Let’s not dwell on that though. We shouldn’t forget that Dark Souls II was “confirmed” by clickbait sites well over 6 months before its official announcement – well before anyone with credibility would be blabbing about it. On the other hand, Dark Souls II was released in March 2014 and Bloodborne was announced the following E3, so there’s a bit of a precedent. While another Souls game with Miyazaki at the head would be delightful (your mileage may vary if your mileage sucks), let’s get to the topic at hand.

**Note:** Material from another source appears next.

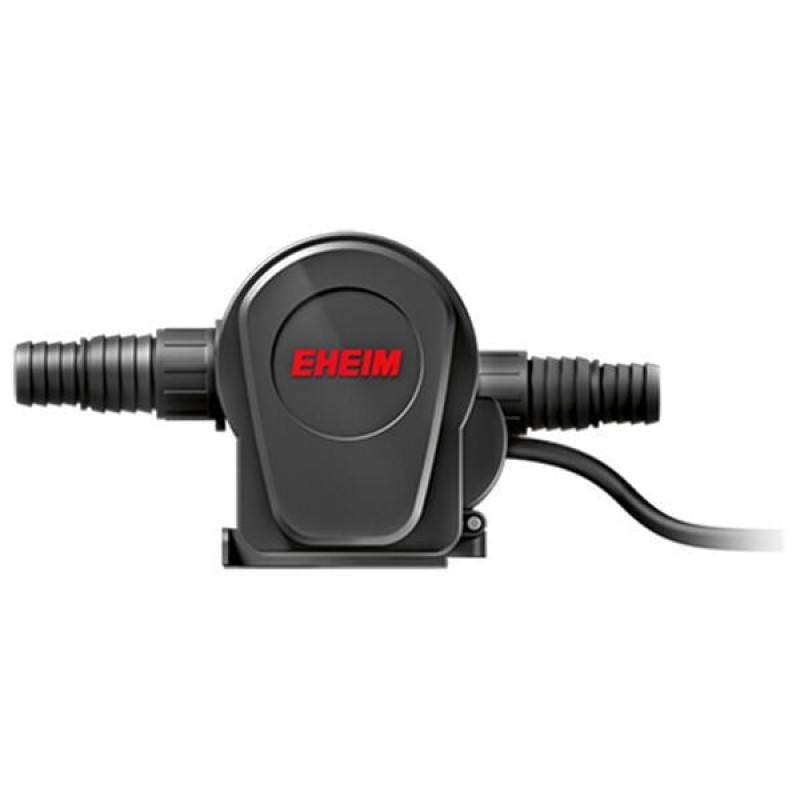 Eheim Pond Clear Clearuvc 9 Uv Filtre | Akvaryum Uv Filtre Eheim Pond Clear Clearuvc 9 Uv Filtre | Akvaryum Uv Filtre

Recently an employee on the marketing team at Bandai Namco was kind enough to take some time out of their day to discuss my 2-part article Overhype and 6 Ways to Market Your Video Game Without Trailers. Long-time readers will know my stance on video games marketing: overreliance on trailers that by necessity spoil content plagues the industry. Instead, interviews with the designers, concept art, easter egg hunts and other teasers are better ways to engage with the audience. For our conversation I even made a neat chart plotting the number of trailers vs unit sales of top-selling new IPs from 2008 to 2014:
So you can safely assume I’m not a fan of using more than 4 trailers for any upcoming Souls games. What else would I recommend? First let me tell you why I’m at least a little more qualified than internet rando #5,361 to tell people how to make a campaign. If you’ve been following me for a while, you’ll know I have a passion for games and for marketing. What you don’t know is I’ve been promoted 3 times in the past 5 years; lead the rebrand of a half billion dollar company (like, told the CEO we needed to rebrand and he said yes); built a boutique web design agency from the ground up, which I then sold; built a web marketing division to 6 figures in sales in 12 months; and am currently at the marketing manager level in my career. Obviously there are lots of people who’ve done more momentous things with their careers. This isn’t a pissing contest. All I’m saying is I know more about marketing than the average bear.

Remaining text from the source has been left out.